RAW DATA section start

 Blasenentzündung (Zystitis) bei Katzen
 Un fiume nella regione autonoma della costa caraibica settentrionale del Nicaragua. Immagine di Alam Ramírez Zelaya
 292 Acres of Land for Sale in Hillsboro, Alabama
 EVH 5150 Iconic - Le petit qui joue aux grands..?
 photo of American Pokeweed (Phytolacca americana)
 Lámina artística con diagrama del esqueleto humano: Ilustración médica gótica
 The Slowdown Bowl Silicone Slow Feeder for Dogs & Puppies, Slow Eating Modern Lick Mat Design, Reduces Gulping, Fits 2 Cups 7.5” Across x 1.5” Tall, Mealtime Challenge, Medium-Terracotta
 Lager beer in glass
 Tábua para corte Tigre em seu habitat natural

RAW DATA section end
RAW DATA section start

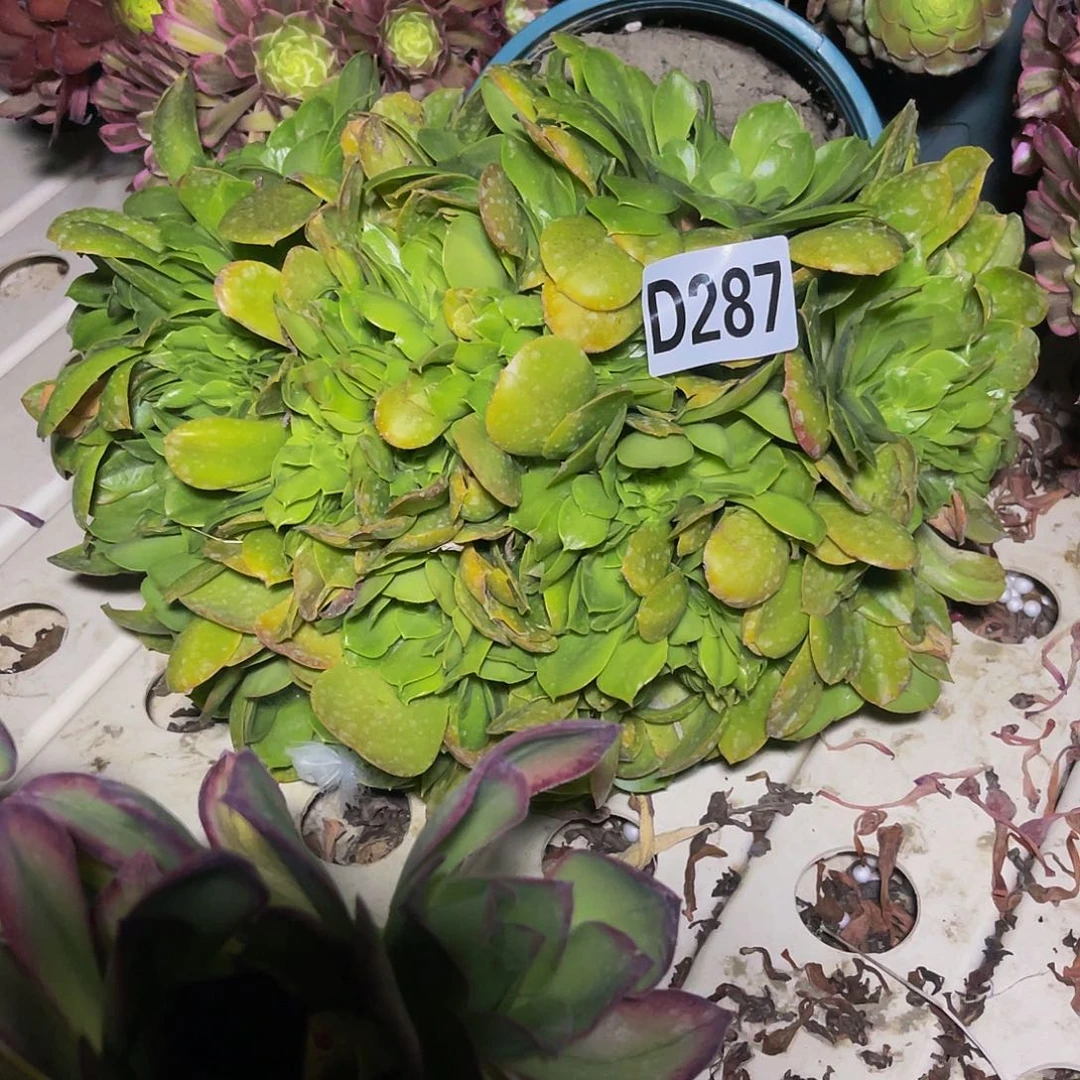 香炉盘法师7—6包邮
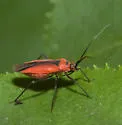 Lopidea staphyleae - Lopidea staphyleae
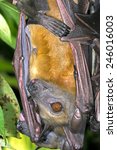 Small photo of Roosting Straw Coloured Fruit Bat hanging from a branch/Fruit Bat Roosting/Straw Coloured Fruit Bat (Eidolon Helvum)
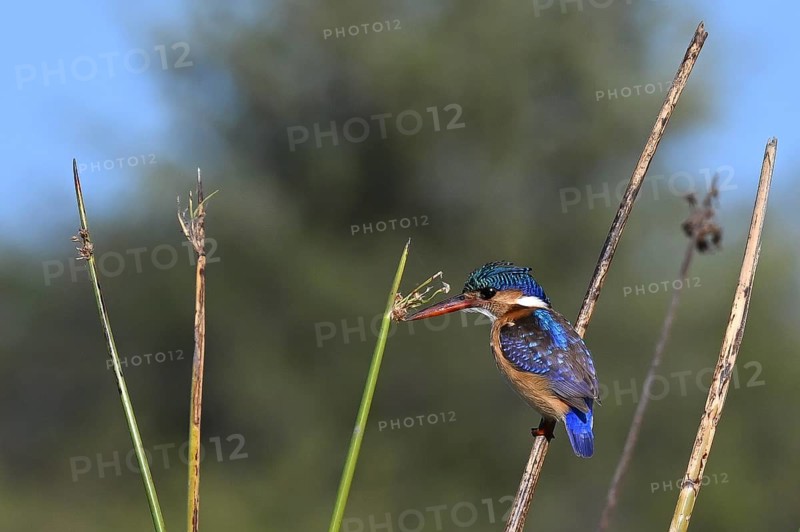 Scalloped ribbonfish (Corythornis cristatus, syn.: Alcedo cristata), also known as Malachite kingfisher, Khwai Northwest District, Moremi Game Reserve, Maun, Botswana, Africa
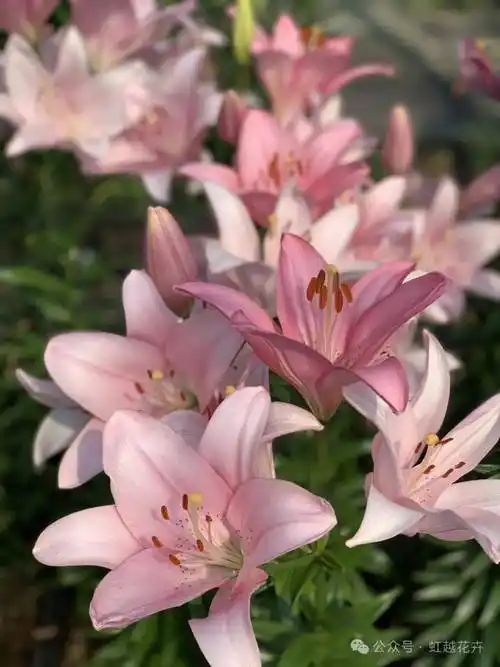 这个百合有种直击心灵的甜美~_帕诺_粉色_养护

RAW DATA section end
RAW DATA section start

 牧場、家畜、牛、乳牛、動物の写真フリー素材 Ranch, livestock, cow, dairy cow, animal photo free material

RAW DATA section end

WORK ITEM »
Return, unchanged, the run of lines above that opens with the line containing "Lámina artística con" and closes with the line containing "Tábua para corte". Include both.

ANSWER TO THE EXERCISE »
 Lámina artística con diagrama del esqueleto humano: Ilustración médica gótica
 The Slowdown Bowl Silicone Slow Feeder for Dogs & Puppies, Slow Eating Modern Lick Mat Design, Reduces Gulping, Fits 2 Cups 7.5” Across x 1.5” Tall, Mealtime Challenge, Medium-Terracotta
 Lager beer in glass
 Tábua para corte Tigre em seu habitat natural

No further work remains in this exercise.